Hormone replacement therapy (HRT) helps to relieve symptoms of the menopause, such as hot flushes, night sweats and mood swings.
In recent years, fears the common drugs may lead to dementia have been raised in numerous studies.
But researchers have now dismissed the link after analysing data from hundreds of thousands of British women.
Results showed women on HRT were no more likely to develop dementia overall.
Experts from the universities of Nottingham, Oxford and Southampton even found oestrogen-only treatment reduced the risk of the memory-robbing disorder.
On the other hand, a combined oestrogen-progestogen therapy slightly raised the risk of Alzheimer’s — the most common form of dementia.
HRT tablets (pictured) work by replacing sex hormones that decline during the menopause and improve menopausal symptoms that 80 per cent of women suffer from
The graph shows the proportion of women prescribed hormone therapy from the earliest available records. Only one per cent of women were receiving the treatment in 1988, which then rose consistently to reach a peak by 2000 of 30 per cent for women between 50 and 59 years of age. But it subsequently fell from 2003
The graph shows the risk of developing Alzheimer’s among women who took different forms of hormone therapy: oestrogen, a combination of oestrogen and progestogen and tibolone, a medicine that’s similar to combined HRT. It shows women who took oestrogen and progestogen or tibolone were at a slightly increased risk of developing Alzheimer’s and this risk increased the longer they took the medicine for
All you need to know about the menopause
Menopause is when a woman stops having periods naturally and is no longer able to get pregnant naturally.

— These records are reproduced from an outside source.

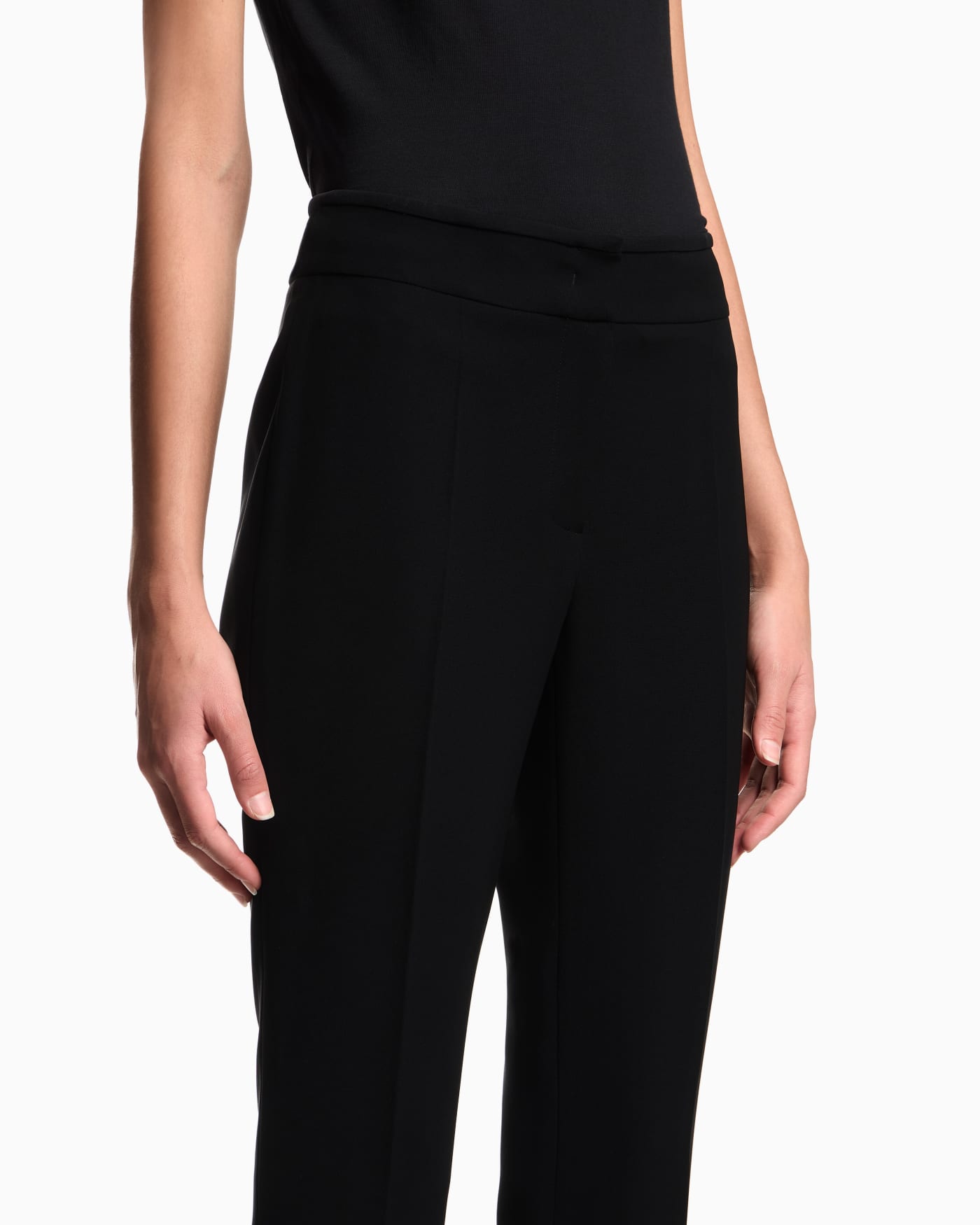 Wide leg chevron cropped trousers woman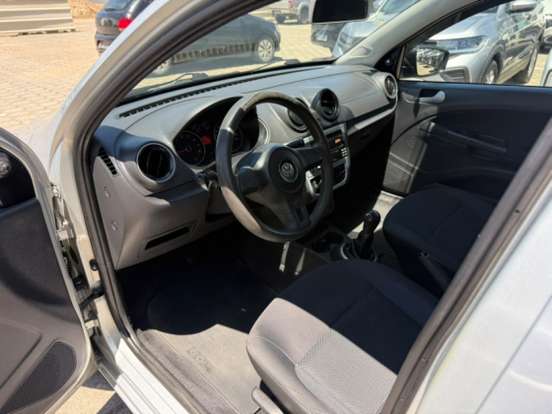 VOLKSWAGEN-GOL-1.0 MI TRENDLINE 8V FLEX 4P MANUAL VOLKSWAGEN-GOL-2015
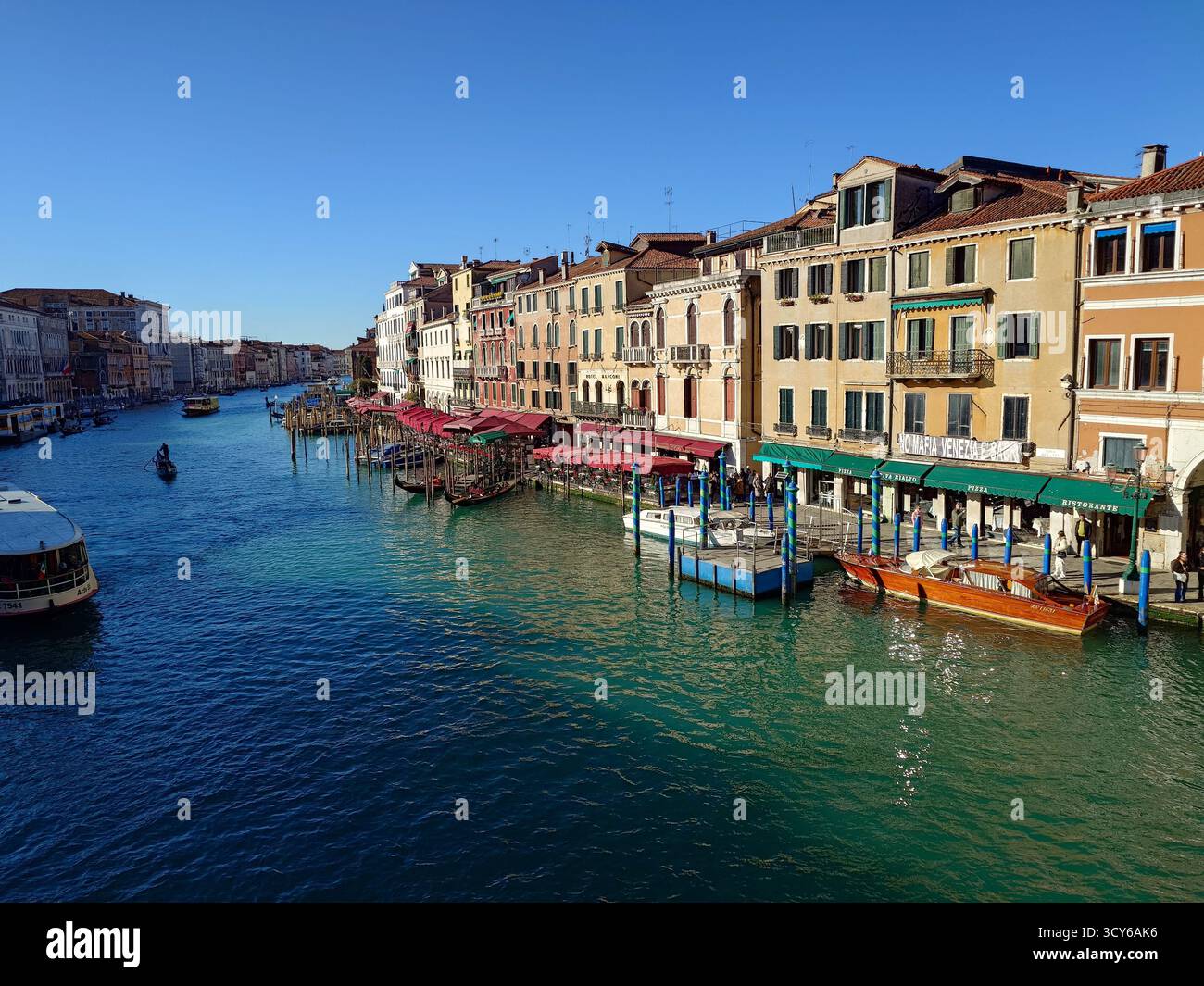 houses and palaces along the grand canal in venice Stock Photo - Alamy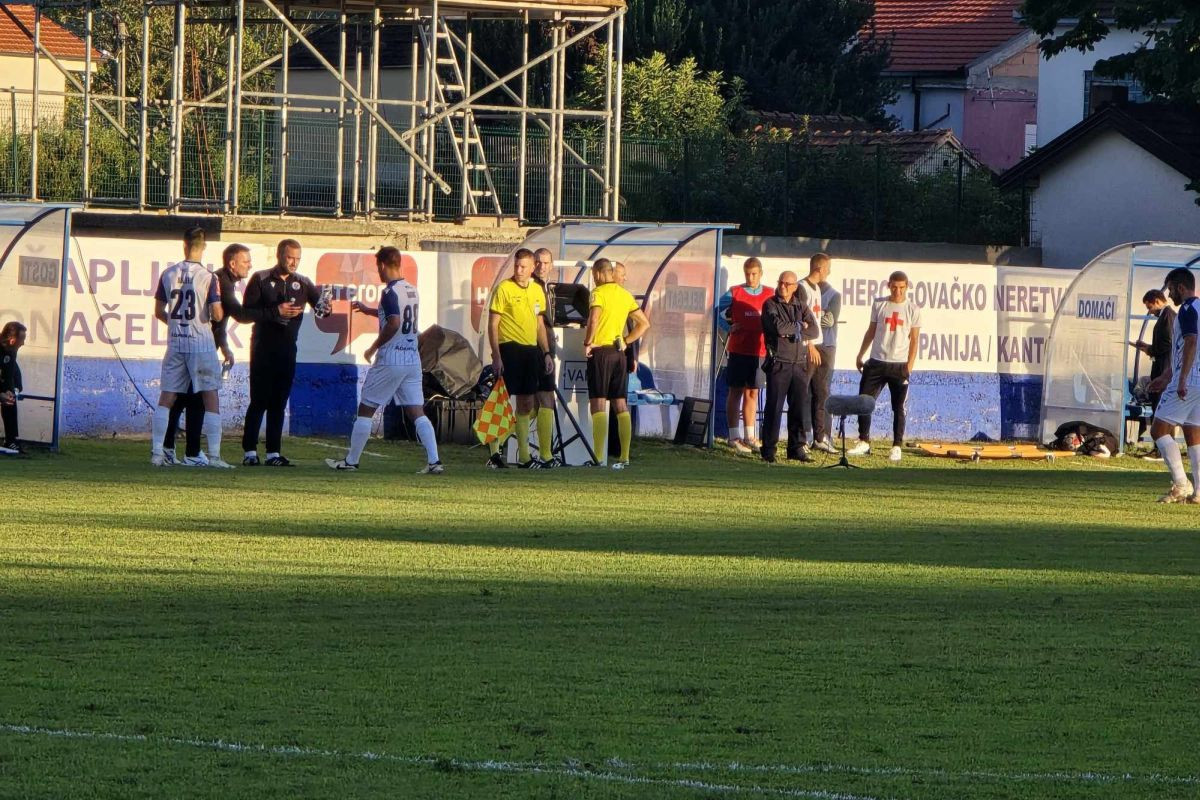 GOŠK sa igračem manje u nastavku susreta: Gigović nakon konsultacija sa VAR-om isključio Mandića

It is a normal part of ageing and usually happens between the ages of 45 and 55 when a woman’s levels of the sex hormone oestrogen drop.
Eight in 10 women will experience menopausal symptoms including hot flushes, night sweats, vaginal dryness, difficulty sleeping, low mood or anxiety and problems with memory.
Women are advised to see their GP if their symptoms are difficult to manage.
Treatments doctors can provide include hormone replacement therapy, such as tablets, skin patches and gels that replace oestrogen.
HRT relevies most menopausal symptoms and can also prevent bones from weakening.
However, women who take HRT for more than one year have a higher risk of breast cancer compared to women who never had the treatment.
Its side effects include breast tenderness, headaches, nausea and stomach pain.
Menopause occurs when a woman stops having periods, so is no longer able to get pregnant naturally.
During this period, which usually occurs between the ages of 45 and 55, oestrogen levels plummet.
Sex hormones, particularly oestrogen, protect the brain, so academics have long speculated that dropping levels may contribute to developing diseases such as dementia.
HRT — taken by around 17 per cent of women aged over 50 in the UK and 35 per cent of 40 to 60-year-olds in the US — works by replacing this hormone, and has been shown to improve menopausal symptoms that 80 per cent of women suffer from.
But studies have been inconsistent on whether HRT — usually given in tablets, gels and patches — increases the risk of developing dementia.
The team of researchers, whose findings were published in the British Medical Journal, investigated the risk of developing dementia for women using any HRT treatments commonly prescribed by the NHS.
They used patient data of nearly 120,000 women over 55 diagnosed with dementia between 1998 and 2020.
This was then compared to the record of nearly half a million women who did not have dementia.
In both groups, 14 per cent of women had been given HRT therapies.
Overall, no increased risks of developing dementia associated with HRT were seen, regardless of what type was prescribed.
Authors also claimed the risk of dementia was also not impacted by how long HRT was taken or the treatment dose.
Researchers said the study provides the most detailed estimates of risk for individual treatments.
And writing in the journal, the team claimed the findings offer ‘new, more reliable estimates for doctors and their patient’.